Your sex is a factor in determining whether or not you’re more at risk of developing depression.
Women are twice as likely as their male counterparts to suffer from this form of mental illness, according to the figures, though the numbers may also reflect the fact that men don’t feel as comfortable asking for help.
Another reason why the women’s rate of depression may be twice as high as men’s is that women often suffer from hormonal issues.
Women experience premenstrual syndrome (PMS) to varying degrees and those who suffer severe mood swings, painful ovulation, bloating, water weight gain, and agonizing menses are at a higher risk of becoming depressed than women who do not have PMS.
After a woman gives birth, her hormones may also be out of balance.

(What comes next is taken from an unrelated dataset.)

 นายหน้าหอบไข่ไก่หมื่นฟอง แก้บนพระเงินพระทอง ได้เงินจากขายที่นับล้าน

It’s common for some women to experience baby blues after becoming a new mother, but some women fall into a deep and increasingly dark mood from which they cannot escape.
This is called postpartum depression and can occur anytime from immediately after giving birth to six months into motherhood. A woman experiencing postpartum depression may not want to hold her child or feel as though she has bonded with her infant in any way.

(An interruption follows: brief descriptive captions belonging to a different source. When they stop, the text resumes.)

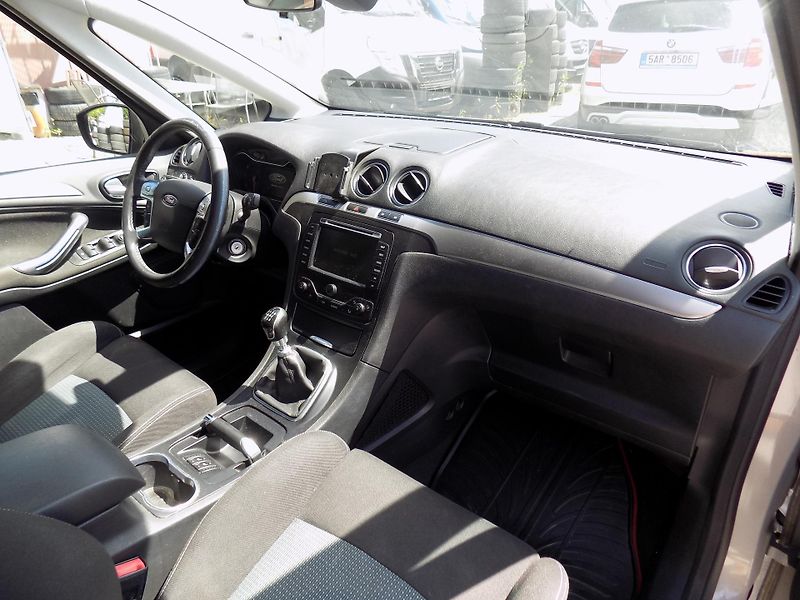 Ford S-MAX 2,0 TDCI 103 KW VÝHŘEV, TAŽNÉ - fotka 29 z 41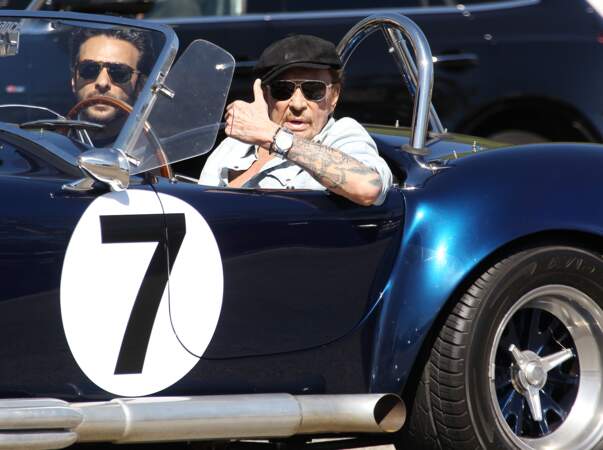 ...il s'est même montré conduisant sa voiture en compagnie de Maxim Nucci et faisant un signe aux photographes !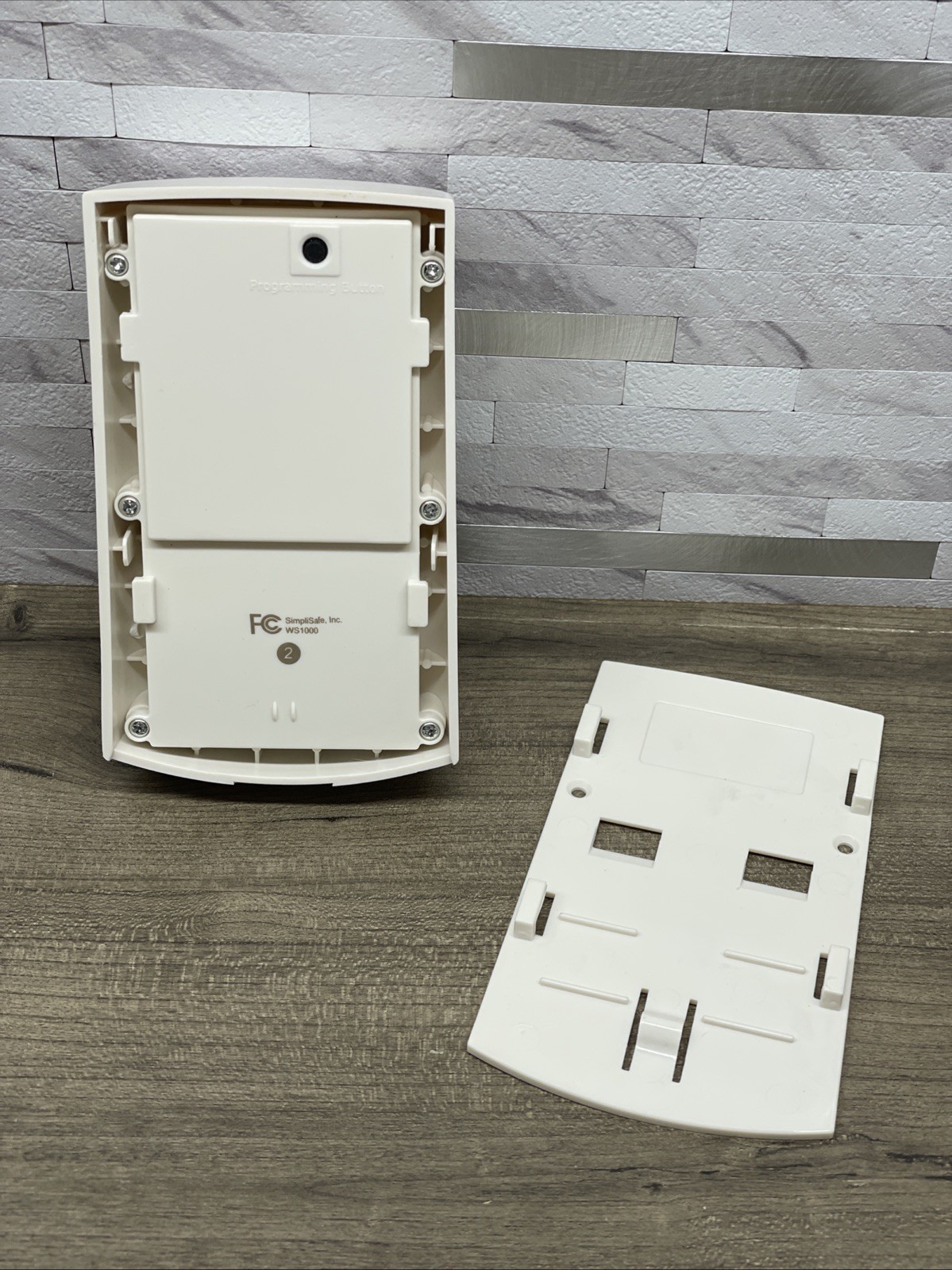 SimpliSafe 105 Decibel Wireless Siren 1st Generation Home Security WS1000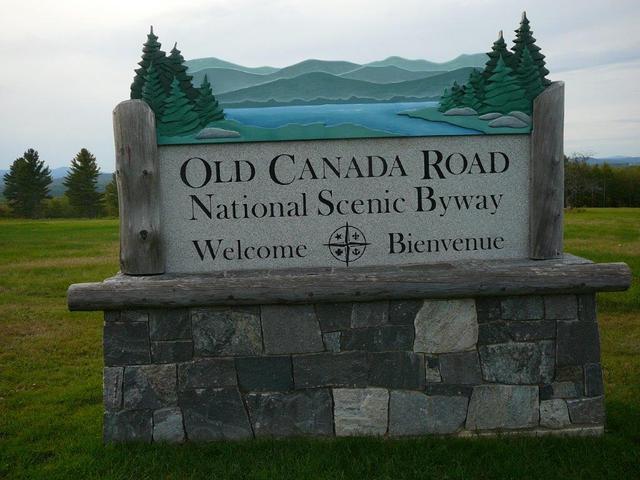 Old Canada Road logo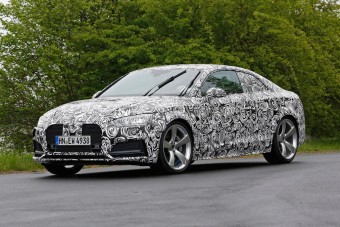 Közel 500 lóerős lesz, jövőre jön az új Audi RS5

She may feel guilty about this lack of emotion, which may lead to further despair. A woman who is having these feelings should seek immediate medical help.
Another risk factor for women is miscarriage. Although irrational, a woman may feel to blame somehow for the loss of her baby and thus her risk for emotional disorders is greatly increased.

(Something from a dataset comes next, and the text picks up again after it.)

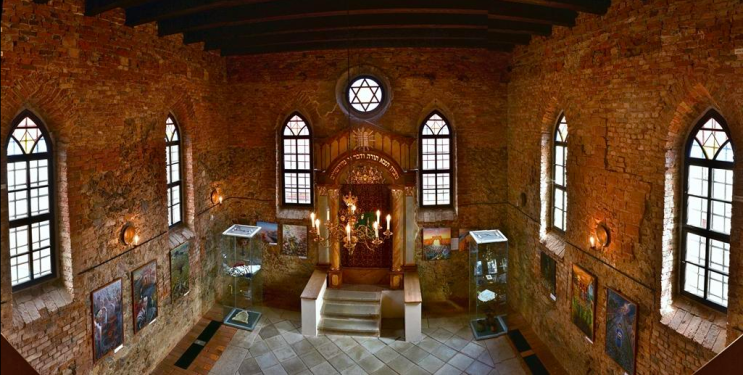 Rabínský dům a Synagoga Polná (Facebook)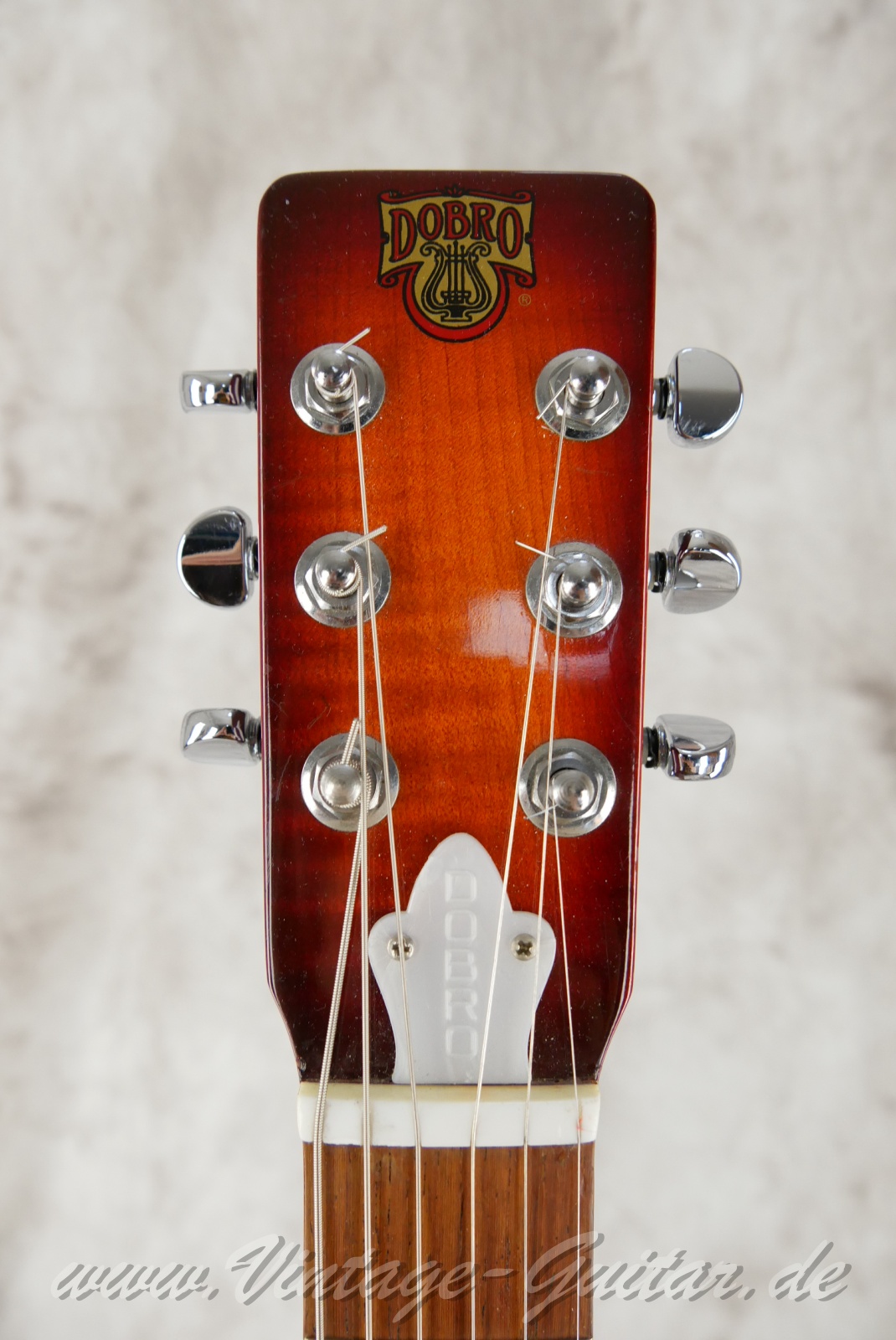 img/vintage/6443/dobro_dobrolectric_p90_resonator_2000_sunburst_USA-003.jpg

What’s more, young mothers who stay at home with small children often claim they feel isolated and alone. This loss of a social network or perceived social status can also contribute to depressive episodes.
Perimenopause, menopause and the attendant physical changes that these cause can induce depression in women. Hormonal imbalances, loss of estrogen and the health issues that they raise are all factors for an increased risk of mental illness.
Women have an increased sense of guilt, especially during their child-rearing years. Single mothers attempting to balance motherhood and work are under extreme stress and can feel inadequate in both roles.
Females are predisposed to depression more so than males, but the good news is that there is help available. Speak to your doctor to get relief from your symptoms.